Memory Coalescing Techniques
============================

To take full advantage of the high memory bandwidth of the GPU,
the reading from global memory must also run in parallel.
We consider memory coalescing techniques to organize the execution
of load instructions by a warp.

Accessing Global and Shared Memory
----------------------------------

Accessing data in the global memory is critical to the performance
of a CUDA application.
In addition to tiling techniques utilizing shared memories
we discuss memory coalescing techniques to move data efficiently
from global memory into shared memory and registers.
Global memory is implemented with dynamic random access memories (DRAMs).
Reading one DRAM is a very slow process.

Modern DRAMs use a parallel process:
Each time a location is accessed, many consecutive locations 
that includes the requested location are accessed.
If an application uses data from consecutive locations before moving on to
other locations, the DRAMs work close to the advertised peak 
global memory bandwidth.

Recall that all threads in a warp execute the same instruction.
When all threads in a warp execute a load instruction, the hardware detects 
whether the threads access consecutive memory locations.
The most favorable global memory access is achieved when the same
instruction for all threads in a warp accesses global memory locations.
In this favorable case, the hardware *coalesces* all memory accesses
into a consolidated access to consecutive DRAM locations.
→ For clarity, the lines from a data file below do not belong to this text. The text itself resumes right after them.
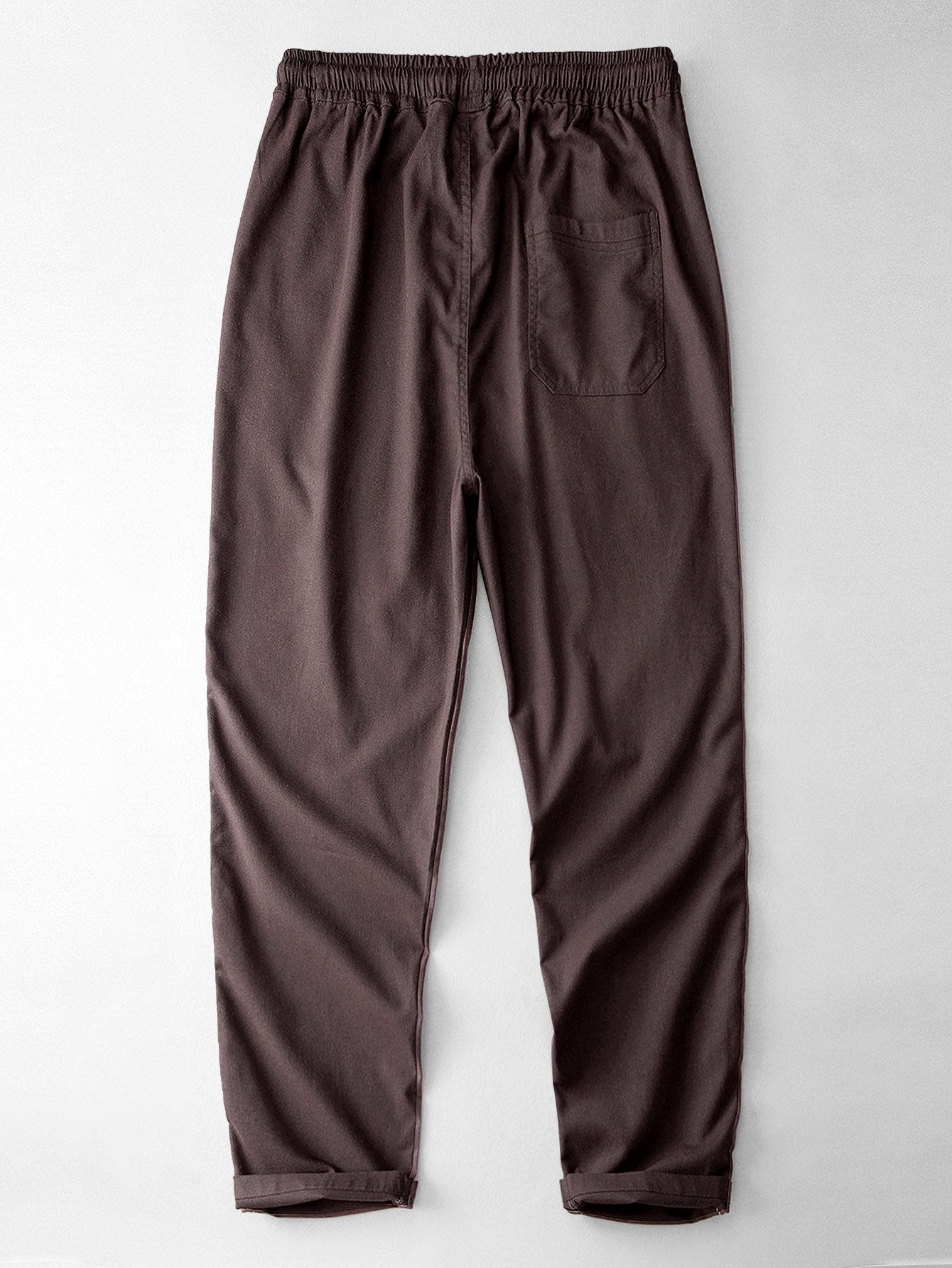Relax Fit Geometry Crochet V Neck Knit Polo & Straight Leg Linen Pants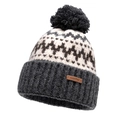 Deep grey and cream knit beanie with pom-pom and jacquard wave pattern - Adjustable / Gray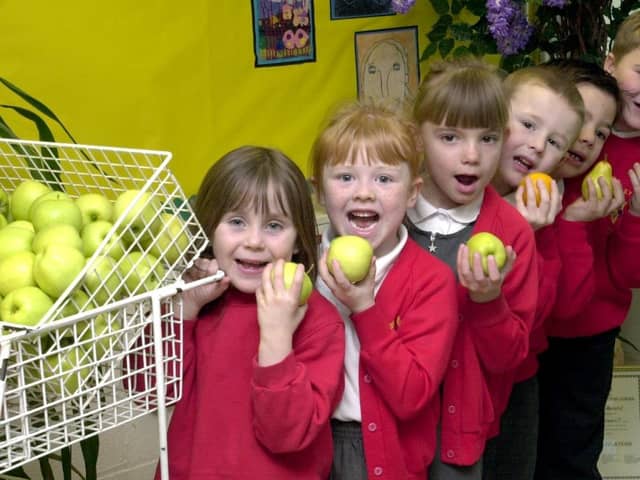 Pupils at Hindley Green Community Primary School promote eating five-a-day as fruit is given out at school.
If thread 0 accesses location :math:`n`, 
thread 1 accesses location :math:`n+1`, :math:`\ldots`
thread 31 accesses location :math:`n+31`,
then all these accesses are *coalesced*, 
that is: combined into one single access.

The CUDA C Best Practices Guide gives a high priority recommendation
to coalesced access to global memory.
An example is shown in :numref:`figalignedaccess`,
extracted from Figure G-1 of the NVIDIA Programming Guide.

.. _figalignedaccess:

.. figure:: ./figalignedaccess.png
    :align: center

    An example of a global memory access by a warp.
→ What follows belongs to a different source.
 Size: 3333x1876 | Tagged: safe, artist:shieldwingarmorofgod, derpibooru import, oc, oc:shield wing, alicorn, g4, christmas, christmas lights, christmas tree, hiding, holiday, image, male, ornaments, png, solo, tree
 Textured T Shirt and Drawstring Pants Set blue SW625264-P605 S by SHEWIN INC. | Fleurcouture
More recent examples from the 2016 NVIDIA Programming guide are
in :numref:`figmemaligned` and :numref:`figmemmisaligned`.

.. _figmemaligned:

.. figure:: ./figmemaligned.png

   An example of aligned memory access by a warp.

.. _figmemmisaligned:

.. figure:: ./figmemmisaligned.png

   An example of mis-aligned memory access by a warp.

In ``/usr/local/cuda/include/vector_types.h``
we find the definition of the type ``double2`` as

::

   struct __device_builtin__ __builtin_align__(16) double2
   {
       double x, y;
   };

The ``__align__(16)`` causes the doubles in ``double2``
to be 16-byte or 128-bit aligned.
Using the ``double2`` type for the real and imaginary part
of a complex number allows for coalesced memory access.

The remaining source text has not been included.